January 10th, 2011 at 12:00 am

When you’re trying to conceive, sometimes you’ll try anything…

When you disclose to the world that you’re having problems conceiving, everyone from your BFF to your great Aunt Gloria has advice to share. Not that you asked for any of it, of course. Sometimes, it’s a referral to an excellent reproductive endocrinologist (which is a medical doctor who is a specialist in helping infertile couples become pregnant). But other times…well…the advice can be a bit … odd.

These seemingly kooky, outlandish ideas about fertility have been around for as long as women have been having babies. And they’re referred to as Old Wives’ Tales. There are people who swear by them. So, try not to laugh in their faces when they share them with you.

I was reminded of one of them this week as I wrestled the last bottle of Robitussin from the hands of an old lady at Walgreen’s.
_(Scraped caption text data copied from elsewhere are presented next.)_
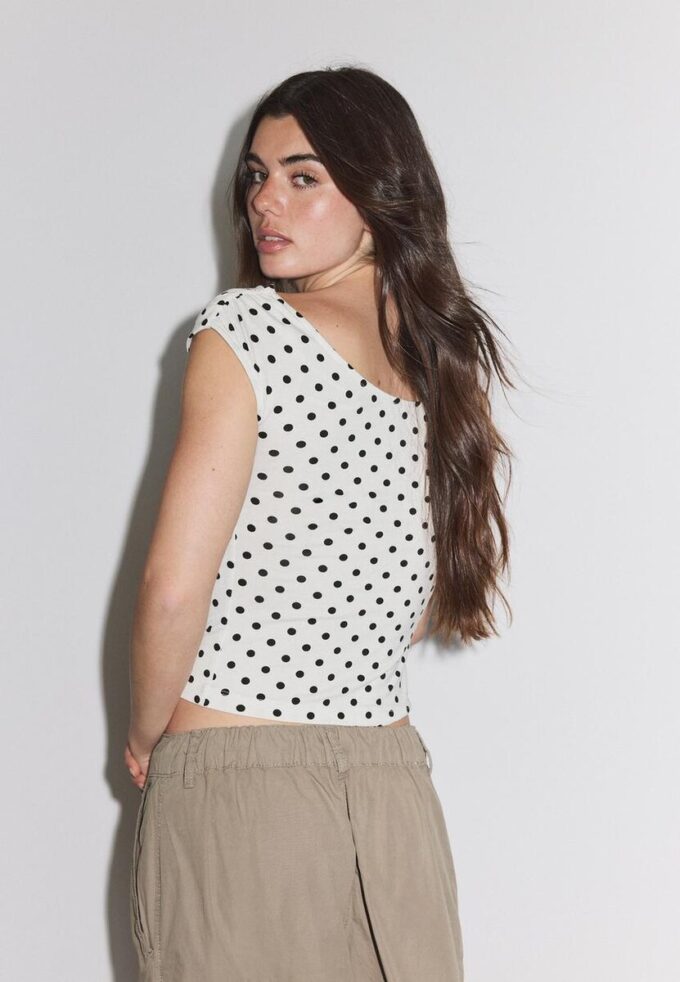 Ermeløs topp med flere bruksmuligheter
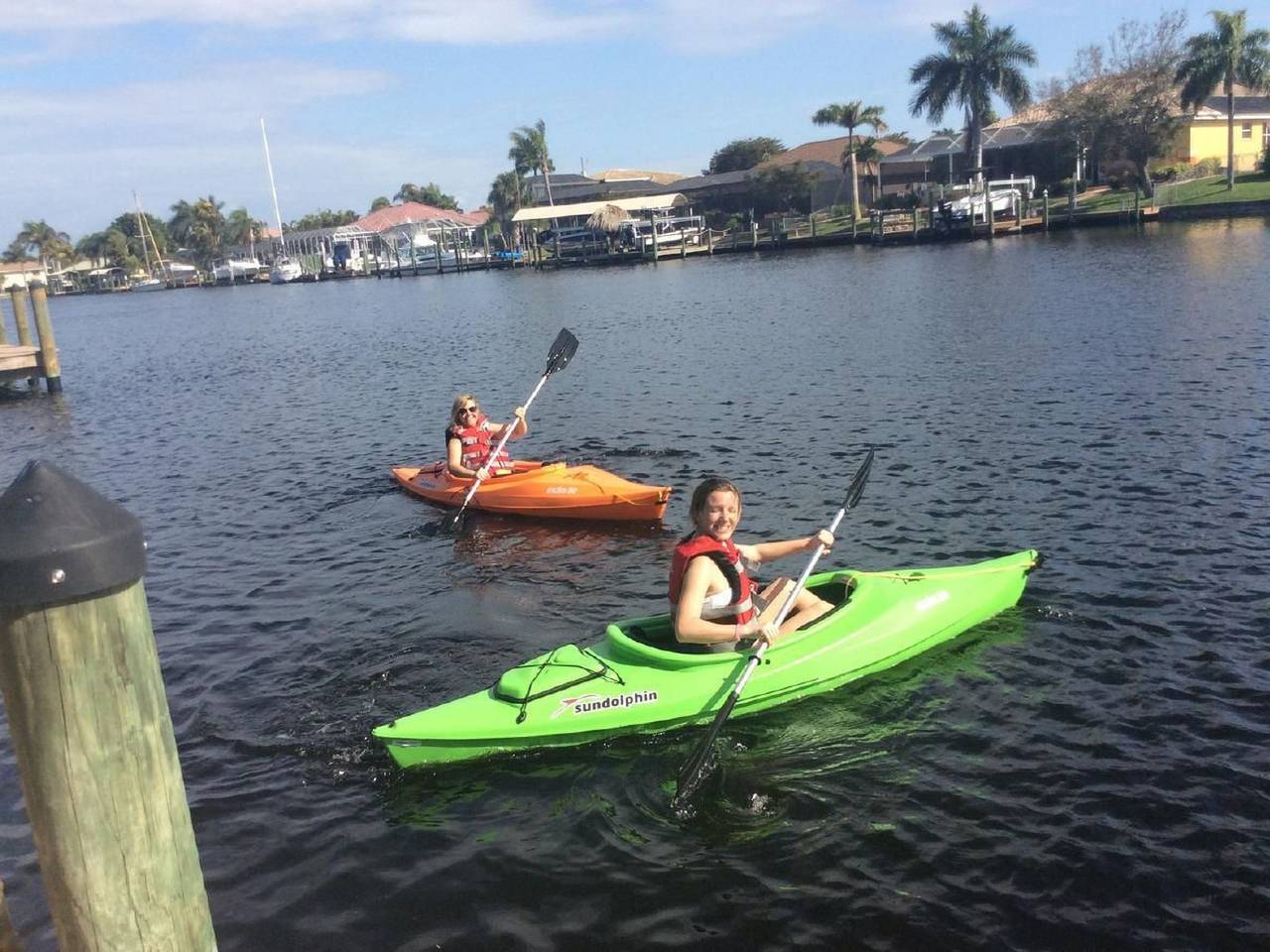 Wunderschönes Ferienhaus in Caloosahatchee mit Terrasse und Garten in Cabo Coral, Southwest Florida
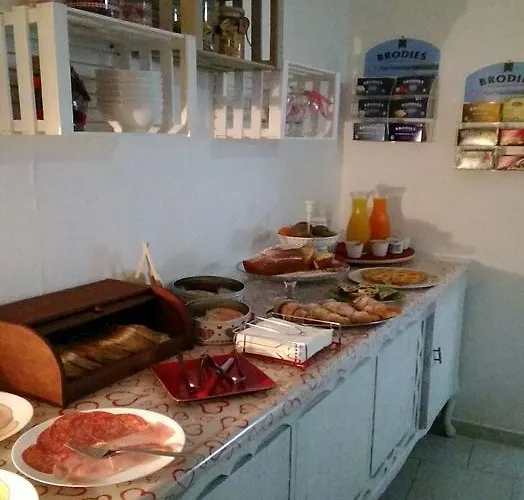 Bed & Breakfast Sweet Two Steps From The Ruins...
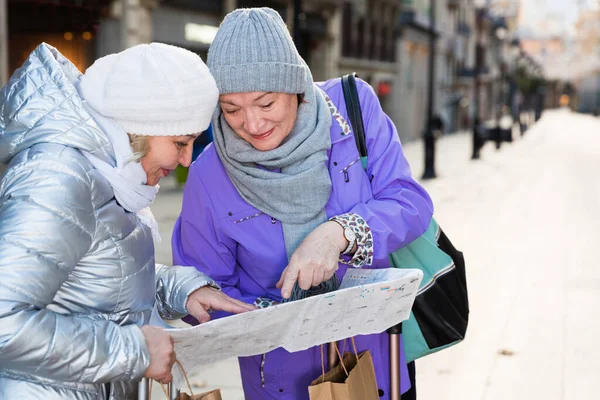 Elderly women tourists with city guide — Stock Photo, Image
Well no, I didn’t really wrestle it away, but I might have if I really needed to. These are desperate times.

Here in East Coast Fertility country, it’s the dead of winter and it seems like everyone has some kind of cold or flu. It comes, it goes, and it returns with a vengeance two weeks later. OTC meds are flying off the pharmacy shelves. And I’ve been hoarding my share.
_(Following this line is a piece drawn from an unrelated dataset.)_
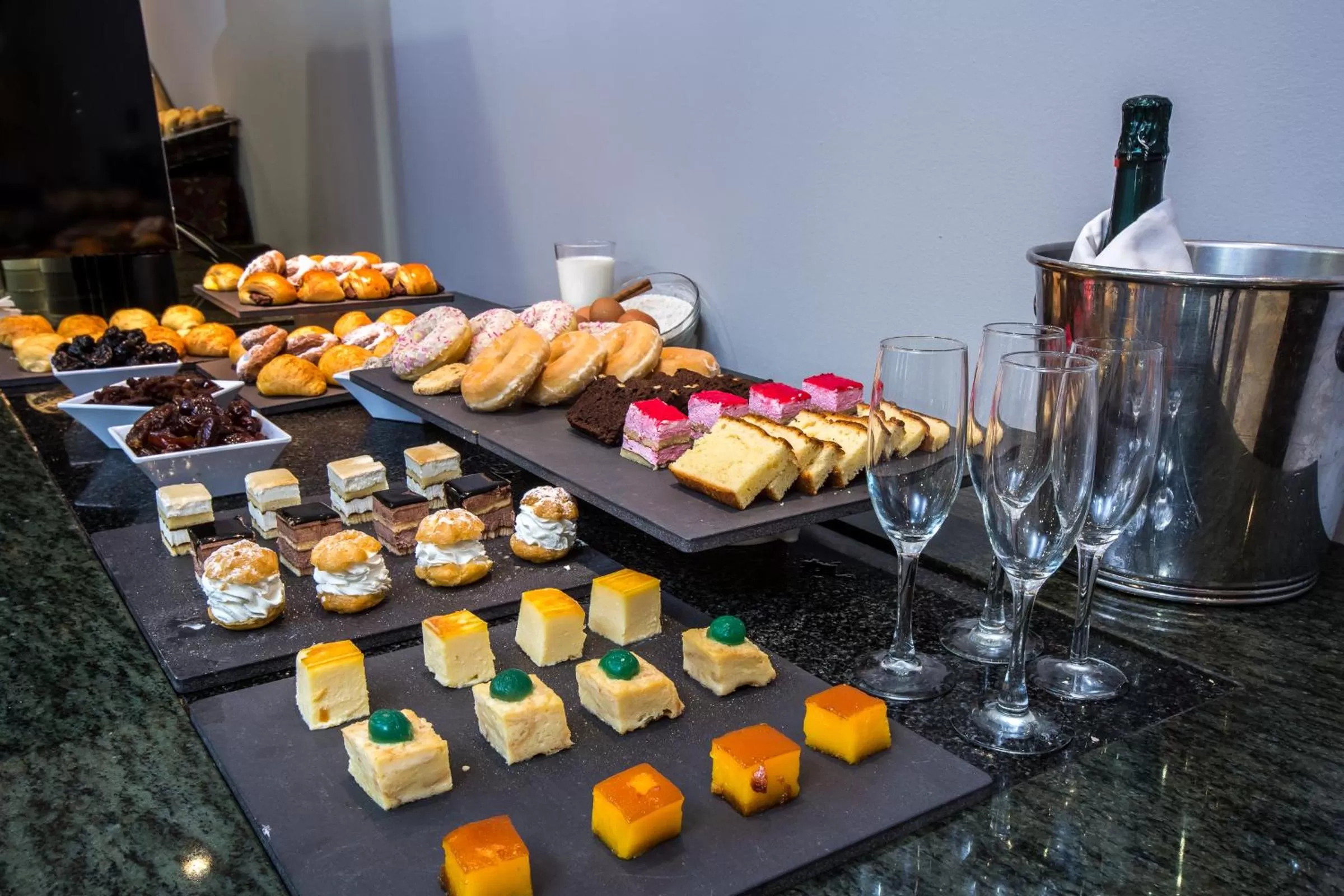 Buffet breakfast in Leonardo Hotel Granada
Ah…plain old Robitussin. Not the fancy ones that treat 18 symptoms. Just the straight, cough expectorant-only version, which contains only Guaifenesin. It’s the one you take when you need to thin the mucus in your chest.

Well, according to the “old wives”, it may also thin the cervical mucus and make it easier for sperm to swim to the newly-released egg. Legend has it that taking 1-2 teaspoons once per day from a few days before ovulation until the day after you’ve ovulated may help women with thick or poor quality cervical mucus (and no other fertility issues) to conceive. Basically, it gives you that “I-just-laughed-‘til-I-peed-my pants-a-little” feeling for a week.
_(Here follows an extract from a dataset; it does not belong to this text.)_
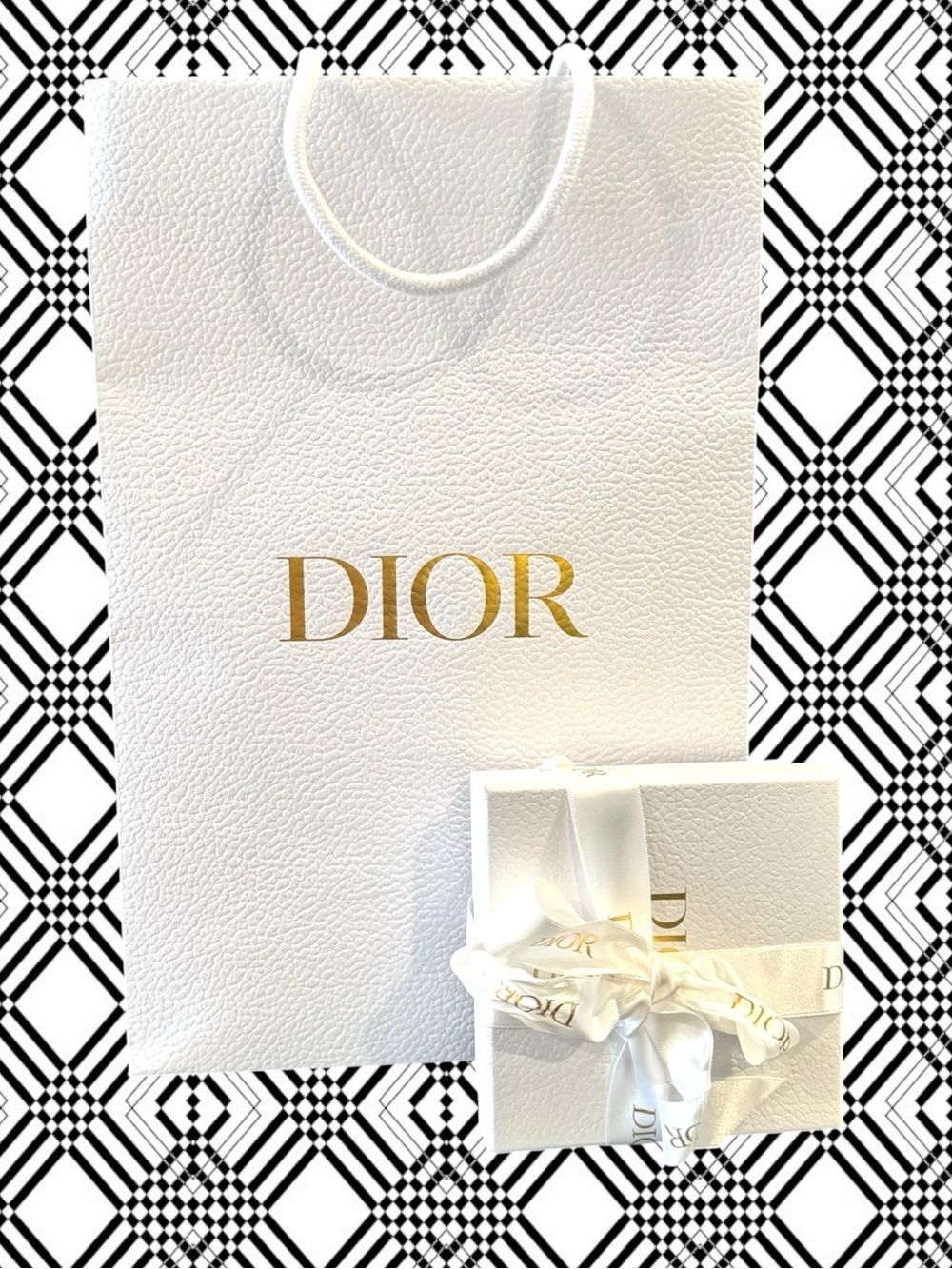 DIOR Gift Box, Bag & Ribbon - Picture 1 of 8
Now, I’m not a doctor. I don’t even play one on TV. And this isn’t medical advice. It’s merely the sharing of an old wives’ tale. OTC meds are not for everyone. So you should ask your own doctor…not your great Aunt Gloria… for advice on whether this may be okay for you. And if your doctor gives the thumbs-up, remember it’s the plain, expectorant-only version. Avoid the multi-symptom formulas if trying to conceive.

Personally, I only take OTC meds if I’m hacking up a lung. Which I currently am.

So, if you’re hacking one up too this winter, and find yourself in the pharmacy wondering what to grab for relief, you may remember this Robitussin post and smile. And, if you’re also trying to conceive and there’s only one bottle left…

Well, by all means…take out the old lady! Like I said, these are desperate times.